*** Data for analysis Section Begins ***
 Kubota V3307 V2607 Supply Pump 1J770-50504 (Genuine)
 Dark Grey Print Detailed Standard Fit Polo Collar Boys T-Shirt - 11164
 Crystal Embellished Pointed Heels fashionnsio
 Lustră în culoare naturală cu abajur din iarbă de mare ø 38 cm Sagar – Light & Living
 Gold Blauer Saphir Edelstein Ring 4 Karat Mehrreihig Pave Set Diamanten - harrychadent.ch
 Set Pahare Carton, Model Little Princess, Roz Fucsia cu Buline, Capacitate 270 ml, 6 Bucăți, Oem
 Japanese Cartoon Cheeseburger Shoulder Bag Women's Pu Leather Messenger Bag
*** Data for analysis Section Ends ***
Every line from the one containing "Crystal Embellished Pointed" through the last line above should be retyped exactly; no other lines are wanted.

# Output of the exercise
 Crystal Embellished Pointed Heels fashionnsio
 Lustră în culoare naturală cu abajur din iarbă de mare ø 38 cm Sagar – Light & Living
 Gold Blauer Saphir Edelstein Ring 4 Karat Mehrreihig Pave Set Diamanten - harrychadent.ch
 Set Pahare Carton, Model Little Princess, Roz Fucsia cu Buline, Capacitate 270 ml, 6 Bucăți, Oem
 Japanese Cartoon Cheeseburger Shoulder Bag Women's Pu Leather Messenger Bag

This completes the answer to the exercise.